As the paragraph above establishes, the red arrows in the diagram indicate which Elements of a particular type one needs in order to create the Element to which the arrows point. There are two red arrows from the Connection to the Participant and this is meant to imply that one needs to have one or more Connections to create a Participant. One also needs an Identity to create a Participant. However, the two yellow arrows with a dashed tail indicate that one needs zero or more characteristics (properties) which may be sourced from one or more Affiliations or the given Affiliations' Media Profile hierarchies.

Properties are settings which are paired with the corresponding Enabling Constraint given in the Clique's medium (derived from a subset of the flattened Media Profile hierarchies of the given Connections) and for each Enabling Constraint:Property pair, creates a Limiting Constraint. These Limiting Constraints are stored in the Participant. Properties may also be sourced from any Element so therefore, needn't come from any of the given Identity's Affiliations or any of the Mode Profiles associated with these Affiliations.

Basically, that's the justification for why Clique Space has seven Elements. I hope this helps others understand Clique Space.

There are a few subtle things that this diagram doesn't make obvious.

For instance, because a Participant expresses a collection of Connections, only characteristics associated with those Connections may be also be candidate properties for expression in the Participant. Additionally, because a subset of the flattened Media Profile hierarchy's Enabling Constraints are selected to be expressed in the Participant, only those Media Profiles from which Enabling Constraints have been selected can supply candidate properties. I also think that those candidate properties must be related to a specific Enabling Constraint contained in that particular Media Profile, but perhaps that's taking things a little too far.

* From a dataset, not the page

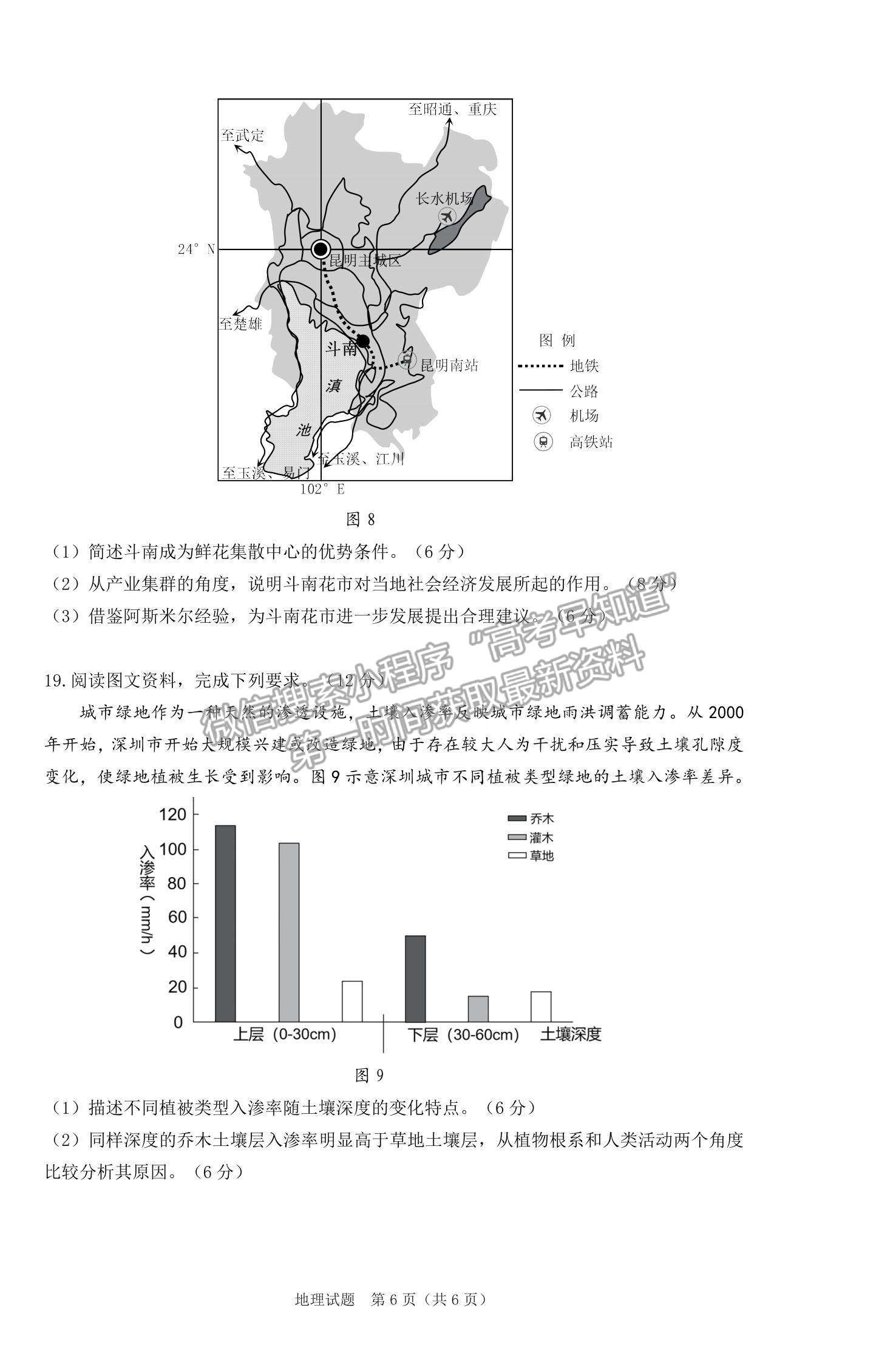 2023廣東高三綜合能力測試（光大）地理試題及答案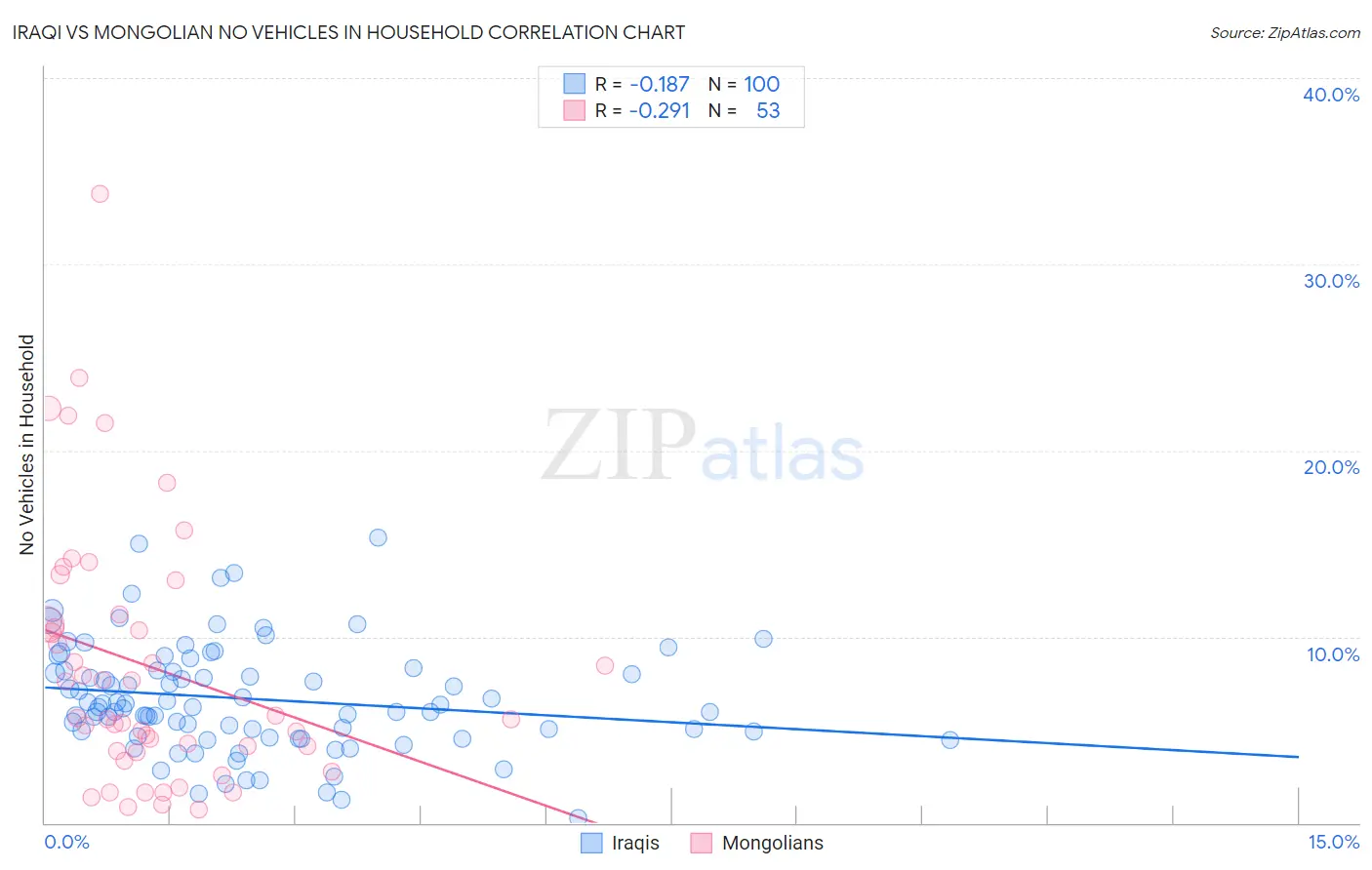 Iraqi vs Mongolian No Vehicles in Household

Another relationship this diagram doesn't make obvious is that one may use any Identity to create a Participant. However, this Identity and the Identity of all the Connections must be the same. If a property has been selected from an Affiliation or a Mode Profile, the Identity of any Affiliation acting as the source must match the Identity given to the Participant. Any property sourced from a Mode Profile must be sourced from a Mode Profile that has been associated to one the Affiliations of the given Identity.

In 2004, I could see the seven Elements, but couldn't fully appreciate the relationship down to the level which I have described here. Maybe much of the relationship is now prior art. But still, if those Elements were removed, there's not much left to invent with, and I think the relationship was a product of the concept's development, and not necessarily an inventive step.

Oh, and yes... how does one create the outermost Elements? There are things that are too complicated to explain even as text following the diagram. I know what they are, but it'll be good just to leave them for another blog entry. At least, I can quickly say that the same mechanism being left out is used to create all the Elements; it just isn't mentioned in this entry because it would steer the reader too far from the purpose of this entry.